La langue est difficile. Vraiment. Je ne le ferais pas lire à des élèves germanophones avant la classe de seconde. Mais c’est un excellent livre pour découvrir la langue châtiées du début du XXe siècle, la richesse du vocabulaire des lettrés germanophones de ces contrés de l’est qui ont aujourd’hui disparus, victimes de l’histoire. Si vous êtes en fac d’allemand, offrez-vous ce plaisir d’enrichir votre langue grâce à un tel livre, un peu comme Schnitzler ou Kafka, qui révèlent le génie de la langue allemande pour le plaisir du style autant que pour la satisfaction intellectuelle de la subtilité du propos.
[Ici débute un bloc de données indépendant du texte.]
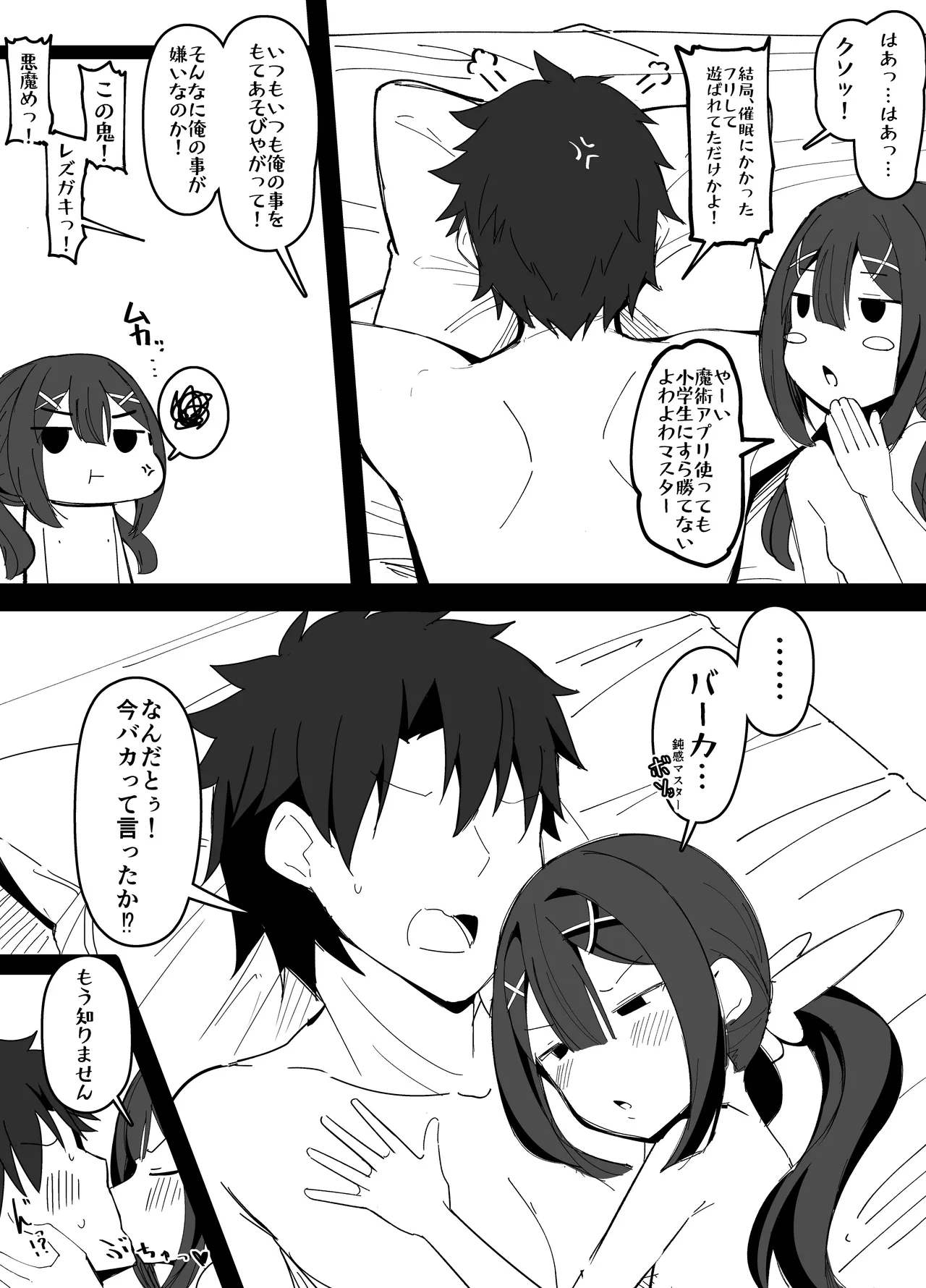 今月のエロ漫画 - page10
Quand’j’irai faire un tour à Freiburg ( ou à Lahr), j’essaierai de me le procurer. J’ ai toujours été attiré par ce que j’appellerais les « écrivains périphériques ».
Merci pour les indications.
C’est pratiquement un essai de jeunesse: L’école des pauvres (A szegények iskolája), et je doute qu’il soit disponible en traduction française. Par contre, une oeuvre majeure que je recommande en traduction française, c’est « La conversation de Bolzano » (sans vouloir faire d’esprit de clocher! ), publiée en 1940. Elle met en scène Casanova, évadé des Plombs de Venise.